The $2.749 Pivot Defines the Entire Setup
Working through the technical map, the near-term range is squeezed between $2.905 on the upside and $2.592 on the downside, with the pivot at $2.749 doing the heavy lifting as the level that determines the next directional resolution. The pivot read matters because it sits roughly halfway between the four-week high and the recent capitulation low, and it is the level where new buyers historically step in to defend a freshly formed bottom. A test of $2.749 that attracts fresh demand would set up a secondary higher bottom — the formation that typically precedes the second leg of a sustainable rally because it combines residual short-covering with genuine new buying. Above the immediate range, the first overhead test sits at $2.905, with the 50-day moving average at $2.987 acting as the structural ceiling that determines whether this short-covering rally extends into something larger. A break of $2.987 with volume opens the path toward the $3.107 intermediate retracement, and that is the level where the technical case actually starts looking constructive on a multi-week horizon.
The Short-Covering Rally That Is Not New Buying
The honest read on the three-day surge that preceded Tuesday's reversal is that it was driven by short-covering rather than fresh institutional accumulation. The selloff from January 30 to April 30 was prolonged in both magnitude and duration, and the first rally off a bottom of that scale almost always reflects bearish positions getting forcibly unwound rather than new capital entering. Smart money does not chase the first leg up. Smart money waits for the pullback into the pivot, watches for the secondary higher bottom to form, and adds size only after the structure confirms. The current setup is precisely that — a market that has rallied hard enough to flush out short positioning but has not yet shown the volume profile that would validate genuine accumulation. The next 5 to 10 sessions will determine whether the secondary higher bottom forms or whether the entire bounce gets retraced into a fresh test of $2.592.
Production Is the Headwind That Will Not Go Away
The supply side of the equation remains the structural problem the bulls cannot solve. Lower-48 dry gas output hit 110.1 bcfd on Monday, up 3.2% year-over-year and within striking distance of the December 2025 monthly record of 110.6 bcfd. The Energy Information Administration has lifted its 2026 production forecast to 109.59 bcfd. Average output across May has slipped slightly to 109.1 bcfd from 109.5 bcfd in April, with low spot prices forcing producers like EQT — the second-largest US gas producer — to temporarily reduce output as they wait for higher prices later in the year. The gas rig count has climbed to 130, only four rigs short of the 134 multi-year high set in February. Production is not rolling over in any meaningful way, and the current dip reflects price-driven discipline rather than structural decline. Until rig counts and output meaningfully retreat, the supply ceiling stays in place and the upside in Natural Gas Futures Price is mechanically capped.

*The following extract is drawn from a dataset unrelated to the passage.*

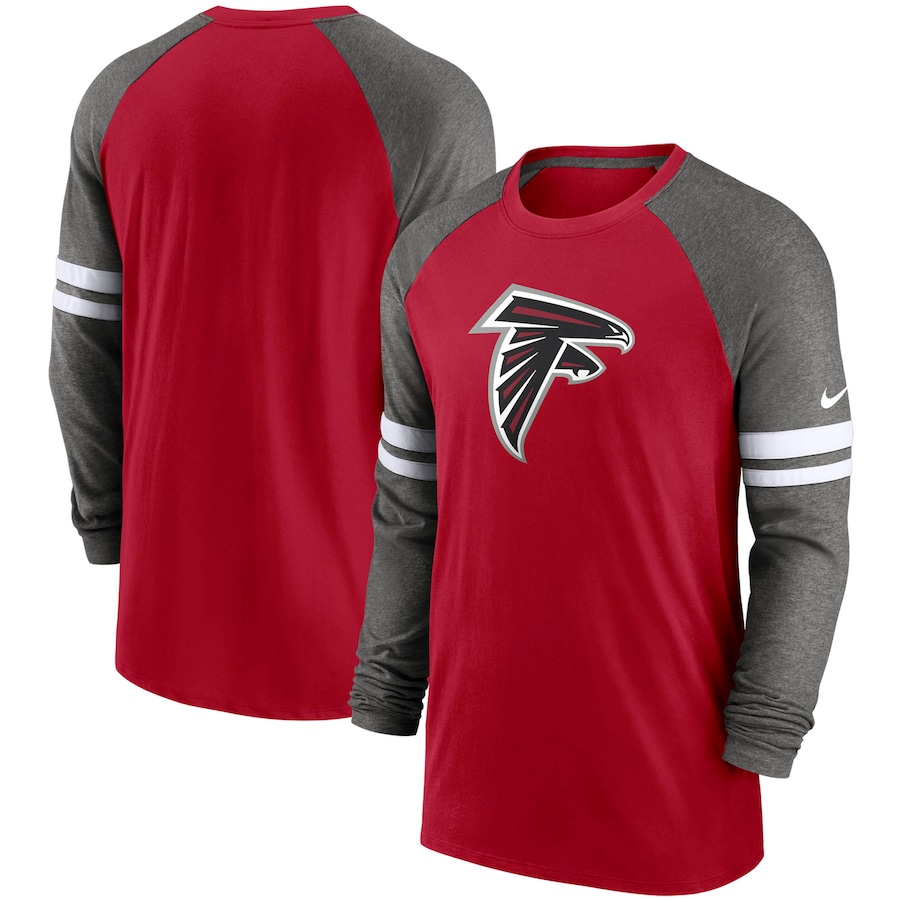 Atlanta Falcons Football Red/Charcoal Performance Raglan Long Sleeve T-Shirt - Man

Storage Is Sitting 7.7% Above the Five-Year Average
The inventory picture compounds the bearish supply story. Working gas in storage hit 2,142 billion cubic feet on the week ending April 24 — 7.7% above the five-year seasonal average and nearly 5% above year-ago levels. The latest weekly injection of 79 bcf came in below the 83 bcf consensus expectation but still ran well above the 63 bcf seasonal norm, confirming that the over-supply pattern is structural rather than transitory. The forecast for the week ending May 1 implies a 72 bcf build, modestly trimming the surplus to roughly 7.2% above the five-year baseline from 7.7%. That is a slight tightening, not a fundamental reset. The mild weather that defined the early spring allowed energy firms to inject more gas into storage than usual, and the cushion that built during that window now requires sustained demand or production declines to draw down. Neither catalyst is currently firing at scale.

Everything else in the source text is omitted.